━━━ Dataset records
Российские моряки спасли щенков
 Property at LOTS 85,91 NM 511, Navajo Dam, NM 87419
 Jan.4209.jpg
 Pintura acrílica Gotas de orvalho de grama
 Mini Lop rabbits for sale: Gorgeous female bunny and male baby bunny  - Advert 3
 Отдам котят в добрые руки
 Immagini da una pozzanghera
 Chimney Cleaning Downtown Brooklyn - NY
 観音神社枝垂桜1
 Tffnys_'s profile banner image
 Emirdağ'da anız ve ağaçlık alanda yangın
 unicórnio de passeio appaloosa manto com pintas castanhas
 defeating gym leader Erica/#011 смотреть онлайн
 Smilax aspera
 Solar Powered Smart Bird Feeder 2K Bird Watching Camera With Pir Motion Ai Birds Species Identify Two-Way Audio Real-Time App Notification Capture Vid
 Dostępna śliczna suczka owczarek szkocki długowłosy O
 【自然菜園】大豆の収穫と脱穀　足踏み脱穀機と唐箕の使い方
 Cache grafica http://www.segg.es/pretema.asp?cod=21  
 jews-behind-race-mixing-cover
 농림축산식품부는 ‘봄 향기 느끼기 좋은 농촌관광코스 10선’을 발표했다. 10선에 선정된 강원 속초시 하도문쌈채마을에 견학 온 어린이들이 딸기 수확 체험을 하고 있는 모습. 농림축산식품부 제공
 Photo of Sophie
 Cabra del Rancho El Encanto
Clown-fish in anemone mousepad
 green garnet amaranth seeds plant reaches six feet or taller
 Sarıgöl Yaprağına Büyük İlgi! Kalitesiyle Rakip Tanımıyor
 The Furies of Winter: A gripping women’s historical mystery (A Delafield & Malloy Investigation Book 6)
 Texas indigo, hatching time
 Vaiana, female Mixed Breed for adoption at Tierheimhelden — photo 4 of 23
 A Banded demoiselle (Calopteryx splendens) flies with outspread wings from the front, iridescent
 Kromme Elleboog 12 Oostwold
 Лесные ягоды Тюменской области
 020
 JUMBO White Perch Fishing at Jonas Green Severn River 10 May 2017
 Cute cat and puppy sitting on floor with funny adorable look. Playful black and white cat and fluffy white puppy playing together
━━━━━━
Could you return exactly the lines above from the line with "Cache grafica http://www.segg.es/pretema.asp?cod=21" to the line with "Clown-fish in anemone mousepad", both included, and nothing else?

■ **Answer space**
 Cache grafica http://www.segg.es/pretema.asp?cod=21  
 jews-behind-race-mixing-cover
 농림축산식품부는 ‘봄 향기 느끼기 좋은 농촌관광코스 10선’을 발표했다. 10선에 선정된 강원 속초시 하도문쌈채마을에 견학 온 어린이들이 딸기 수확 체험을 하고 있는 모습. 농림축산식품부 제공
 Photo of Sophie
 Cabra del Rancho El Encanto
Clown-fish in anemone mousepad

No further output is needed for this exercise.